### What you need to do
Set down only the lines from the one containing "this 780×439 image." through the final line of the entries below, exactly as they stand, with no pictures.

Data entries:
★ ★ ★ ★
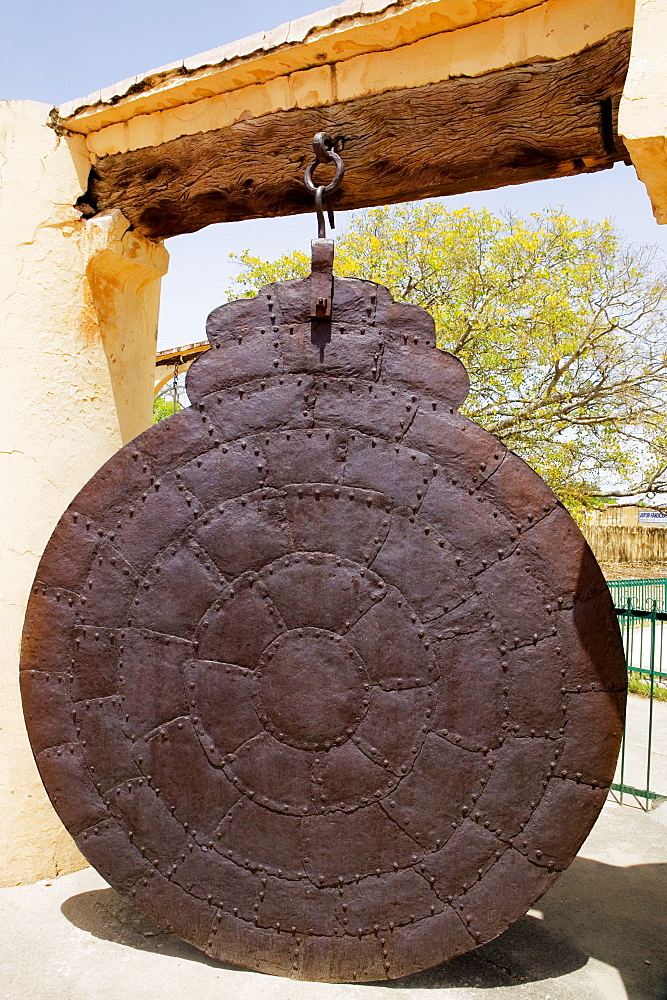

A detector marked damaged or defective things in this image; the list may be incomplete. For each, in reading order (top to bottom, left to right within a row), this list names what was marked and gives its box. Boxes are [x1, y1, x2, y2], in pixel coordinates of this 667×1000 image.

cracked wall surface [0, 99, 167, 884]
dark rusted patch [20, 278, 628, 980]
rusted metal surface [20, 276, 628, 984]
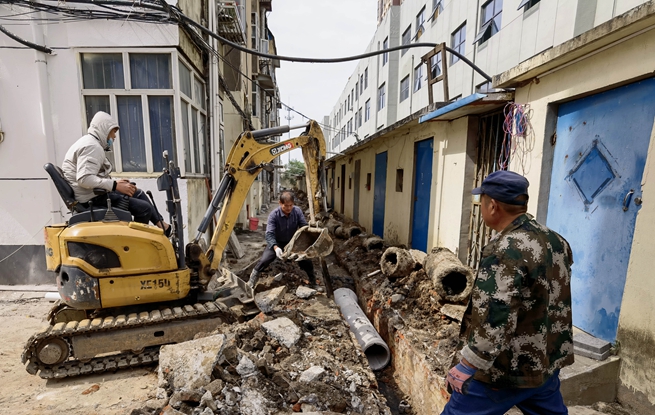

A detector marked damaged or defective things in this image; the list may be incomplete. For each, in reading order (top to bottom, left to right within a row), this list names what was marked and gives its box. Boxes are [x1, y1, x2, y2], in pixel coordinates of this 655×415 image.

broken concrete pipe [364, 236, 384, 252]
broken concrete pipe [380, 249, 426, 278]
broken concrete pipe [422, 247, 474, 302]
broken concrete pipe [336, 288, 392, 372]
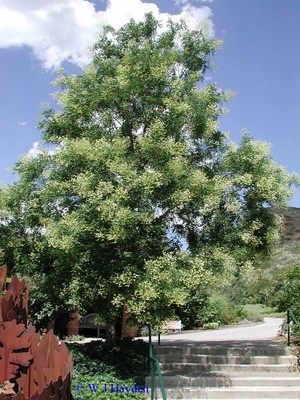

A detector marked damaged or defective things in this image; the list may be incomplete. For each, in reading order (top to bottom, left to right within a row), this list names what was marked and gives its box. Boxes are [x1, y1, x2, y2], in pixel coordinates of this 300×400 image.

rusted red metal fence [0, 264, 72, 398]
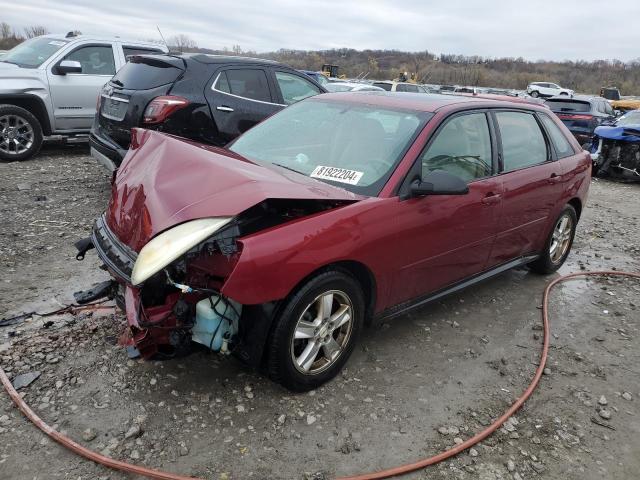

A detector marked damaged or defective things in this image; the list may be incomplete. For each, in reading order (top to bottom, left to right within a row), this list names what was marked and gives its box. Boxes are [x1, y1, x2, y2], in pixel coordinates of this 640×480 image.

damaged front end [592, 124, 640, 182]
crumpled hood [596, 123, 640, 142]
crumpled hood [107, 129, 362, 253]
exposed headlight assembly [131, 217, 232, 284]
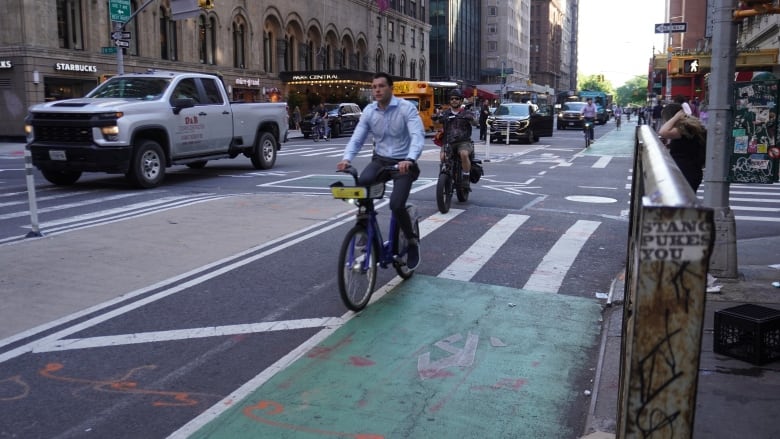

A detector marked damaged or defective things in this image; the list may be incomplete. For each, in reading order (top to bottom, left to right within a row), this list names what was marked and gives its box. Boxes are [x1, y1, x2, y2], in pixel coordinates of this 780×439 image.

rusty metal post [620, 125, 716, 438]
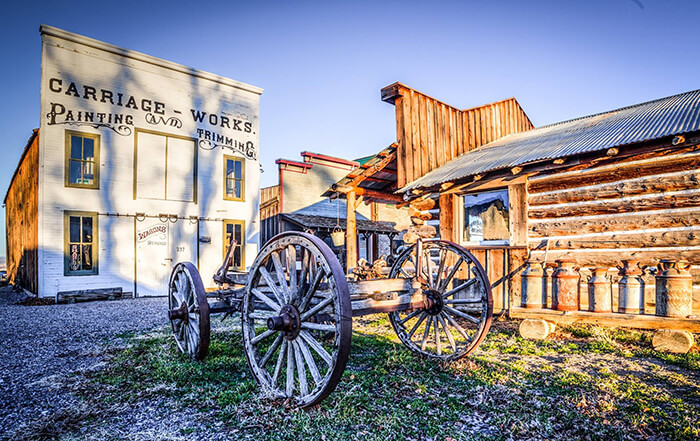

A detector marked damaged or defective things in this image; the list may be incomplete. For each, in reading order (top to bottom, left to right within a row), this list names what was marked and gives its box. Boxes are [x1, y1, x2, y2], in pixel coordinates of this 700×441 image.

rusty metal roof panel [402, 88, 700, 192]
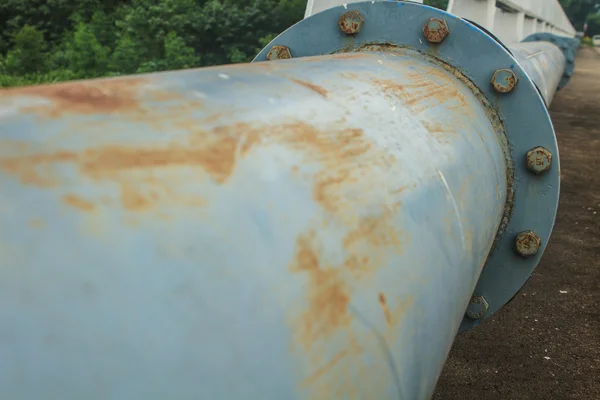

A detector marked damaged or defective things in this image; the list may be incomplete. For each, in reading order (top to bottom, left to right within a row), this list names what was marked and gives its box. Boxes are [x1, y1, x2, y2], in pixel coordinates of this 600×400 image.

rust stain [8, 76, 150, 117]
orange rust streak [290, 78, 328, 97]
rust stain [292, 78, 328, 97]
rusty pipe surface [506, 41, 568, 105]
rust stain [62, 195, 95, 212]
orange rust streak [62, 195, 95, 212]
rusty pipe surface [0, 49, 508, 400]
orange rust streak [298, 348, 350, 386]
rust stain [302, 348, 350, 386]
★ ★ ★ ★
### Exercise result
A detector marked damaged or defective things in this image; the list may be incomplete. For each, in reading order (top to bottom, left to right within a row), this list names what was marked and gives its box. Boxes are [x1, y1, x2, y2], in pixel coordinates of this 780×439 image.

rusty metal post [620, 125, 716, 438]

A detector marked damaged or defective things in this image; the list may be incomplete. For each, in reading order (top to bottom, left to right within a row), this list names what was marked and gives its box. Boxes are [x1, y1, x2, y2], in pixel coordinates of this 700×441 image.

rusty metal roof panel [402, 88, 700, 192]

A detector marked damaged or defective things in this image; the list may be incomplete. For each, in reading order (top to bottom, left to right within a row), this list names what was marked and gives its box. Boxes are [x1, y1, x2, y2], in pixel coordinates of this 600×400 image.

rust stain [8, 76, 150, 117]
orange rust streak [290, 78, 328, 97]
rust stain [292, 78, 328, 97]
rusty pipe surface [506, 41, 568, 105]
rust stain [62, 195, 95, 212]
orange rust streak [62, 195, 95, 212]
rusty pipe surface [0, 49, 508, 400]
orange rust streak [298, 348, 350, 386]
rust stain [302, 348, 350, 386]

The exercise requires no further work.